Several generic profiles are bundled with the pipeline which instruct the pipeline to use software packaged using different methods (Docker, Singularity, Podman, Conda) - see below.

We highly recommend the use of Docker or Singularity containers for full pipeline reproducibility, however when this is not possible, Conda is also supported.

The pipeline also dynamically loads configurations from when it runs, making multiple config profiles for various institutional clusters available at run time. For more information and to see if your system is available in these configs please see the nf-core/configs documentation.

Note that multiple profiles can be loaded, for example: -profile test,docker - the order of arguments is important! They are loaded in sequence, so later profiles can overwrite earlier profiles.

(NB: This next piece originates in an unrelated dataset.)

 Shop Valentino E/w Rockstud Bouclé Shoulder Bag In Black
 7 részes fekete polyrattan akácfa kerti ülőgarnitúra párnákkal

If -profile is not specified, the pipeline will run locally and expect all software to be installed and available on the PATH. This is not recommended.

  • docker
    • A generic configuration profile to be used with Docker
    • Pulls software from Docker Hub: nfcore/rnaseq
  • singularity
  • podman
    • A generic configuration profile to be used with Podman
    • Pulls software from Docker Hub: nfcore/rnaseq
  • conda
    • Please only use Conda as a last resort i.e. when it’s not possible to run the pipeline with Docker, Singularity or Podman.
    • A generic configuration profile to be used with Conda
    • Pulls most software from Bioconda
  • test
    • A profile with a complete configuration for automated testing
    • Includes links to test data so needs no other parameters


Specify this when restarting a pipeline. Nextflow will used cached results from any pipeline steps where the inputs are the same, continuing from where it got to previously.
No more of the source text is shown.